Our great-great-grandfather was Leopold Berg. He was born in Holland and migrated to Wuppertal to work in the coal mines. Wuppertal is an industrial town on the Wupper River, east of Dusseldorf. He lived to be 90 years old. His wife was Ida Hoesterey, from Dusseldorf. One of their sons was Maximillian Leopold Berg (November 5, 1883, to March 5, 1931; our great-grandfather). Maximillian Leopold had fought in WWI in Russia and died of malaria a year before our mom was born.
Alan: I believe mom said he had a metal plate in his head from an injury while fighting in WWI.
Maximillian married Anna Marie Hagen from Wuppertal (October 14, 1884, to October 28, 1941). Her parents were Lambert Hagen, another immigrant from Holland, and Josephine Hilgers of Dusseldorf. Our mom had nice memories of her grandmother (Anna Marie Hagen) because she often stayed with her while her mother worked, and her father was away during World War II.
Maximillian and Anna Marie met in the steel factory they both worked in. Friends called them “The handsome Max and the beautiful Maria.” Max was Catholic, with light hair and blue eyes. Maria was Protestant (Lutheran), with brown eyes and curly hair. They had 10 children, one of whom was our grandfather, August Berg. In order, they were:
1. Ida (6/01/1907 – 2/9/1994) she was Juliane’s mother; our mom said Tante Ida was like a second mother to the younger siblings; her husband was Unkle Fritz (Friedhelm Gottfried)
2. Lambert (2/24/1909 – 6/1/1955) he was a “free spirit”; joined French Foreign Legion to get away from all the siblings, but caught syphilis in Africa
3. August (1/24/1911 – 6/21962) our mom’s father and our Opa
4. Peter “Uncle Bob” (4/5/1913 – 8/6/1987) his wife was Tante Lisbeth; Alan met her and their son, Manfred, in 1989
5. Petranella (who died at age 4)
6. Maria “Tante Mitze” (8/6/1919 – ??) she moved to Australia
7. Margareta “Tante Marga” (2/27/1924 – 20??) she married a British soldier and moved to Aldershot, England; Alan and Mable visited them in June 2000
8. Willie (6/14/27 or 28? – Spring 2008) our mom sponsored his migration to Sacramento in January 1961; our Aunt Marianne came to Sacramento to marry him on September 26, 1966; their son, Andreas Berg, was born July 18, 1971
9. One sibling died at birth and another at 6 months
Despite so many kids, there were few Berg cousins in our mom’s generation. Juliane (Gottfried) Carlitz is the cousin our mom knew best and kept in contact with through the years. A few of them died young. One of Uncle Bob's sons died in a car accident when he was a teenager. His other son, Manfred committed suicide after his father passed away.

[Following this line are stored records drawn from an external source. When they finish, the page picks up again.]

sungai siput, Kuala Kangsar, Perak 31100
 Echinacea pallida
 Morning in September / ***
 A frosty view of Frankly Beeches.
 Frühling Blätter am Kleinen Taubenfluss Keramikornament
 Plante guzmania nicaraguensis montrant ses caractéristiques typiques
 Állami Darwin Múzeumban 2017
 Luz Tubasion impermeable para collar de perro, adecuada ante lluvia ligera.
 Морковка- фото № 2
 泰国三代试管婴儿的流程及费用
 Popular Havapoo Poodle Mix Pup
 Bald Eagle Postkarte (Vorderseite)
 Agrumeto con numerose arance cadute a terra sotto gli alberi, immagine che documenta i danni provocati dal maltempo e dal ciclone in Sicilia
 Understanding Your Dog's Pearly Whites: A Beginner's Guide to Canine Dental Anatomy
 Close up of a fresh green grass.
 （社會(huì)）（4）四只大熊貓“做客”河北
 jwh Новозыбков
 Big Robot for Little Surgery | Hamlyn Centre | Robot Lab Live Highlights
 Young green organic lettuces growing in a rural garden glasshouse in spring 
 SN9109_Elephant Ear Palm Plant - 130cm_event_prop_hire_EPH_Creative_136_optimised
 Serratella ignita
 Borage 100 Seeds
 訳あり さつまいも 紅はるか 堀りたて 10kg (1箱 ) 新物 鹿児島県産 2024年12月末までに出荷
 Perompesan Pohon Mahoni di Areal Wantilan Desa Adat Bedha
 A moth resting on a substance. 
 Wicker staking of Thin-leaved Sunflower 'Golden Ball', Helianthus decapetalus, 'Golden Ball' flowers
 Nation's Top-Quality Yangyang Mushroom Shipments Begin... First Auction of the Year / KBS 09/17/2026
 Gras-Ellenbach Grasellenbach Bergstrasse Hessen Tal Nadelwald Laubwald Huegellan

Alan's middle name is "August", named after our grandfather, August Berg (our Opa). Our mom deeply loved her father (our grandfather). She said he was handsome and fun to be around, and he made her feel special. He was soft-spoken and would often take her on weekends to museums and to visit the aunts and uncles. He also sang in a men’s group at local restaurants in Dusseldorf. During WWII, he was in the SA (known as “Storm Troopers” in the West) and mostly drove trucks to the front lines in France and Italy.
Our mom said he was more conservative than his older brother, Lambert. She said she felt like his twin. They had a similar personality, looked alike, and felt like they could read each other’s thoughts. On Sunday mornings, they would get all dressed up and go to a restaurant where he would meet many friends who gave her lots of attention. He was proud of her, and she was proud of him.
She also wrote that he did not want to marry our grandmother (our Oma). She was 2 years older than him, they had a "fiery" relationship, and he felt he was too young to get married. But eventually our Oma and Tante Ida (above) convinced him to marry her.
Looking at our grandmother’s (our Oma) side of the family, her father was Gustav Adolph Windhoff, probably born in 1876. He was from former East Germany and migrated to Dusseldorf. He met his wife, Anna (last name unknown) in the Holland area of the Netherlands. They married in 1904, were Protestants (probably Lutheran), and settled in Dusseldorf-Bilk.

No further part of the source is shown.